[Start of section]

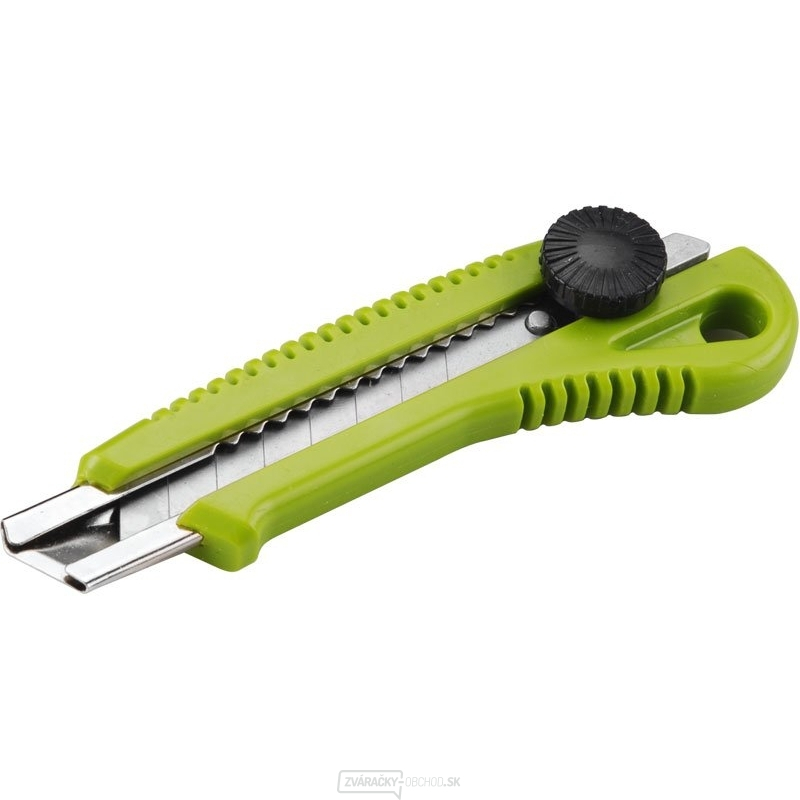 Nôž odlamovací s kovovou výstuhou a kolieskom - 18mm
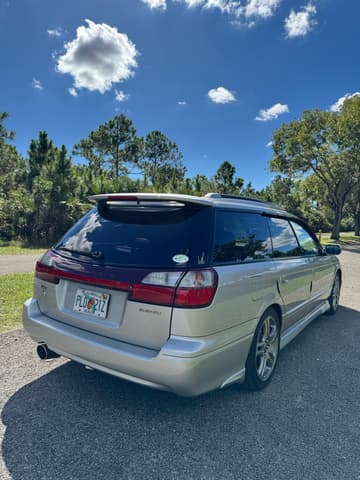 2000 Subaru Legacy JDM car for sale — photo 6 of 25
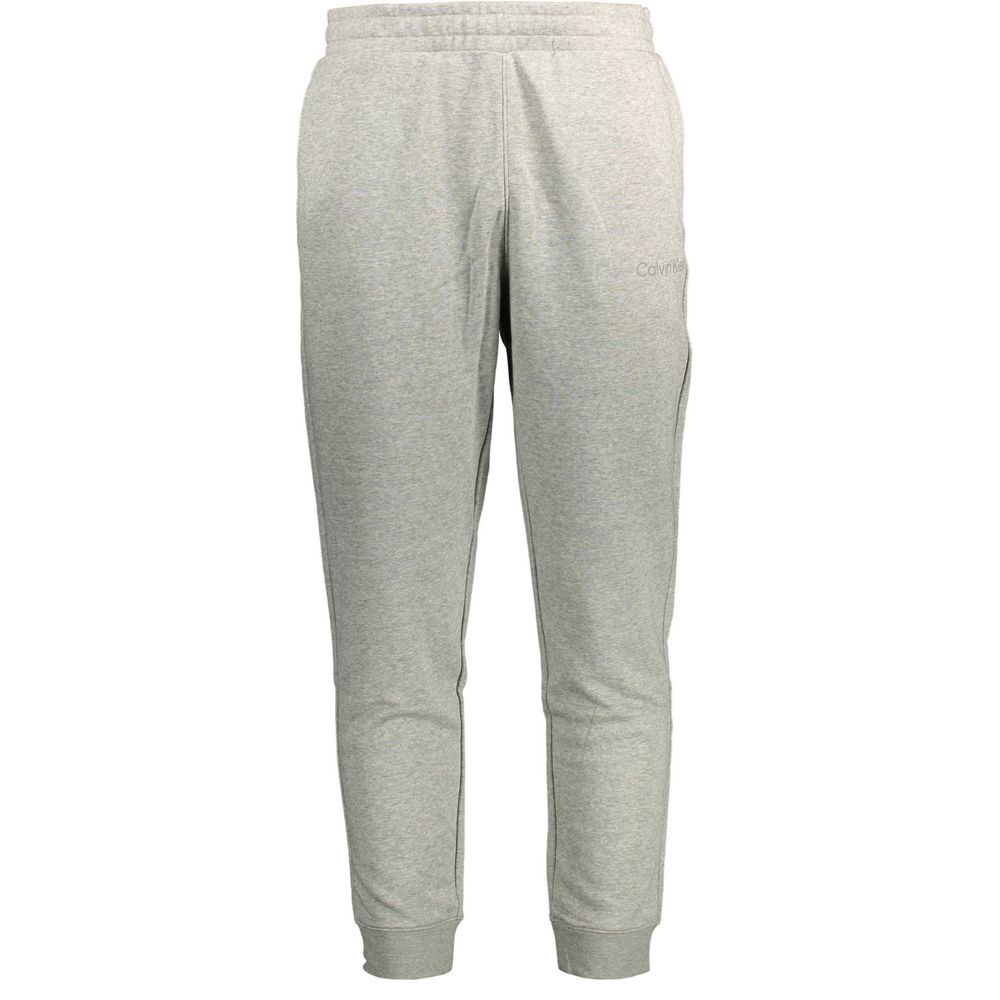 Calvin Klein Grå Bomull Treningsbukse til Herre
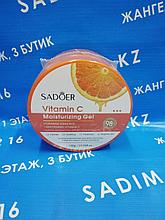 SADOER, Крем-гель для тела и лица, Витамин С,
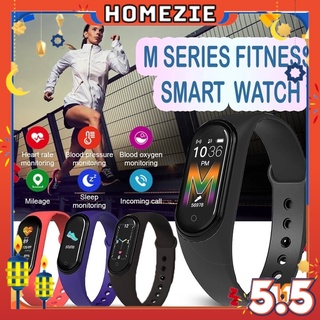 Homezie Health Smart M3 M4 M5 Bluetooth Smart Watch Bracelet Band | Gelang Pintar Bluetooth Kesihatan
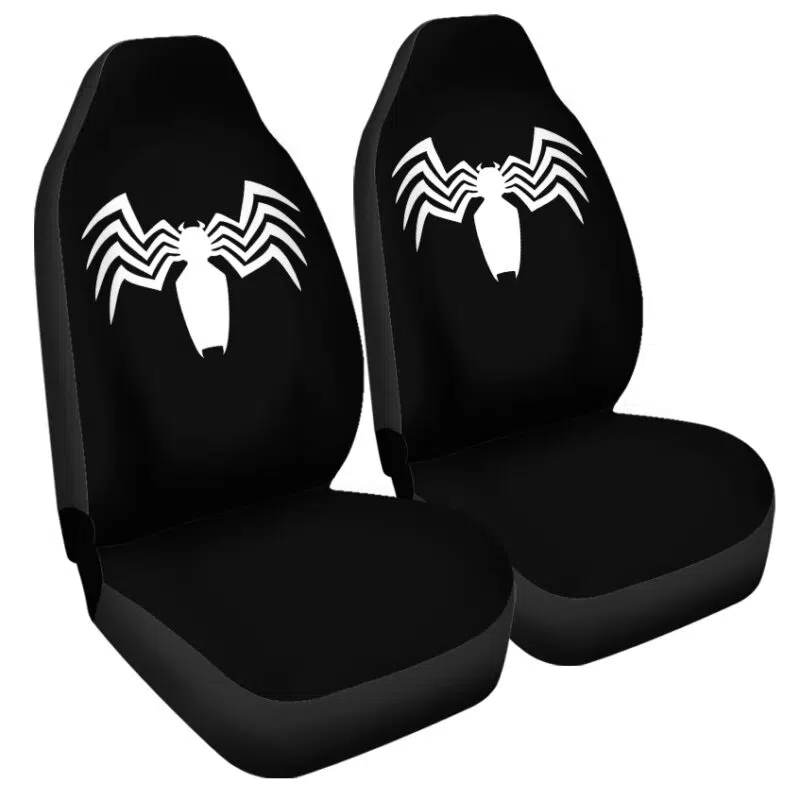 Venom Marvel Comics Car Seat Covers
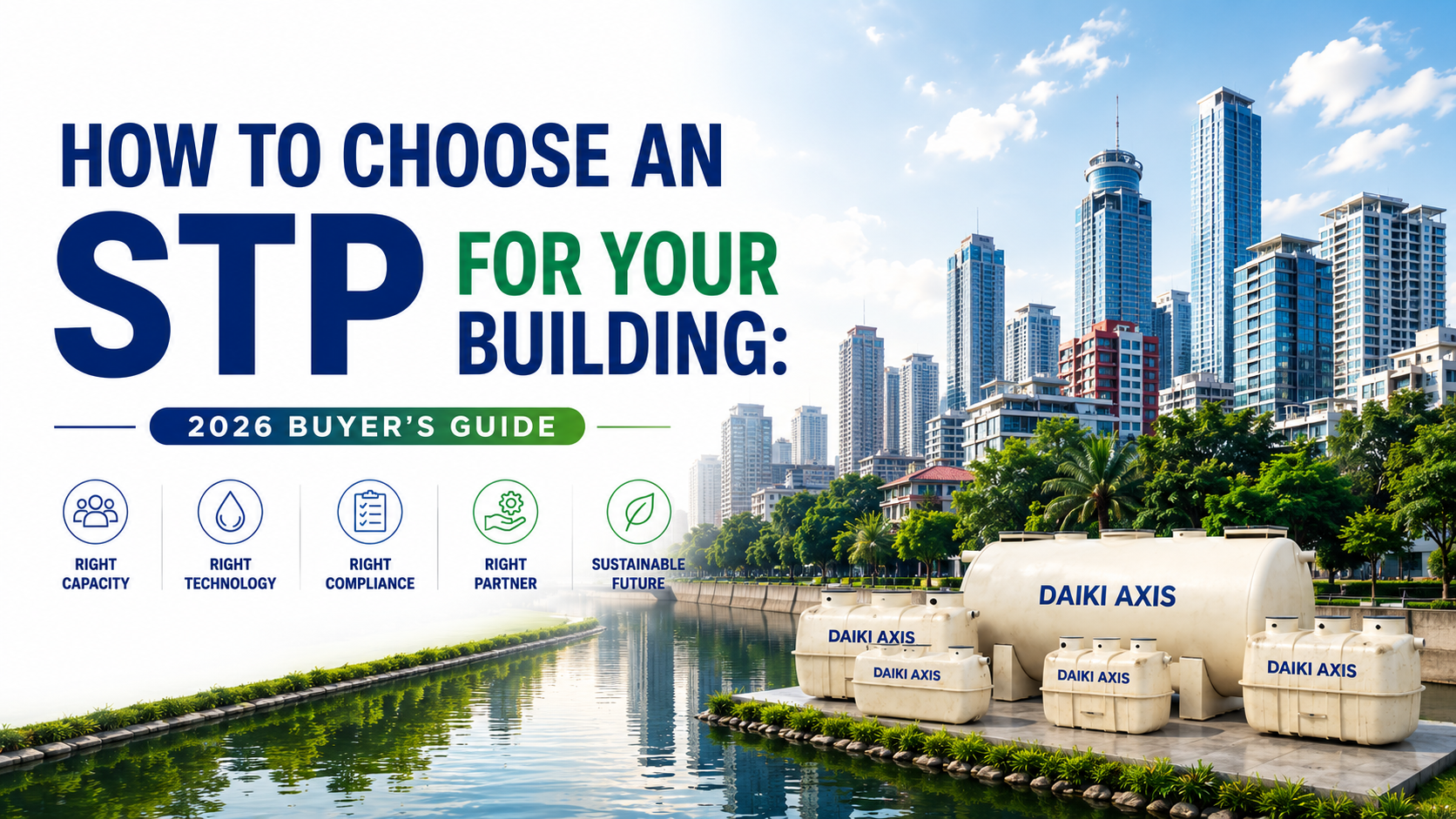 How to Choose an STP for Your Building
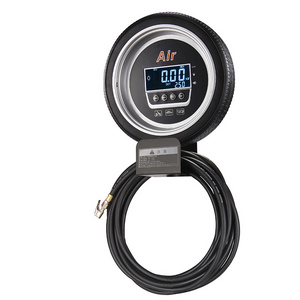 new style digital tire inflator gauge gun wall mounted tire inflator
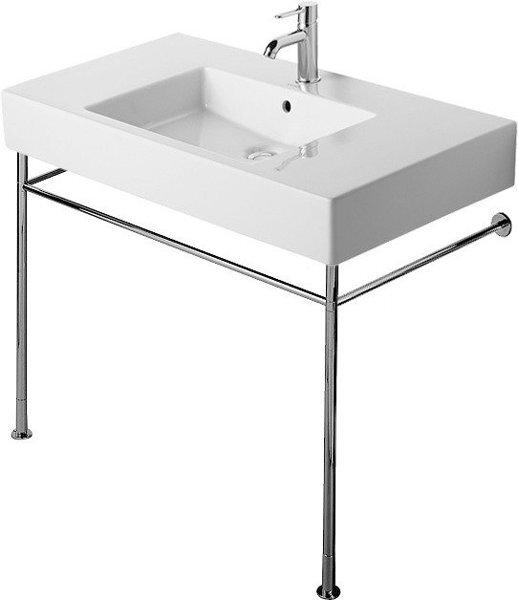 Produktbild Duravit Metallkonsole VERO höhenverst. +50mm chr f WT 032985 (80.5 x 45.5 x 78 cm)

[End of section]

Write out, word for word, only the lines from the one containing "Calvin Klein Grå" to the end of the data above; the pictures stay out.

 Calvin Klein Grå Bomull Treningsbukse til Herre
 SADOER, Крем-гель для тела и лица, Витамин С,
 Homezie Health Smart M3 M4 M5 Bluetooth Smart Watch Bracelet Band | Gelang Pintar Bluetooth Kesihatan
 Venom Marvel Comics Car Seat Covers
 How to Choose an STP for Your Building
 new style digital tire inflator gauge gun wall mounted tire inflator
 Produktbild Duravit Metallkonsole VERO höhenverst. +50mm chr f WT 032985 (80.5 x 45.5 x 78 cm)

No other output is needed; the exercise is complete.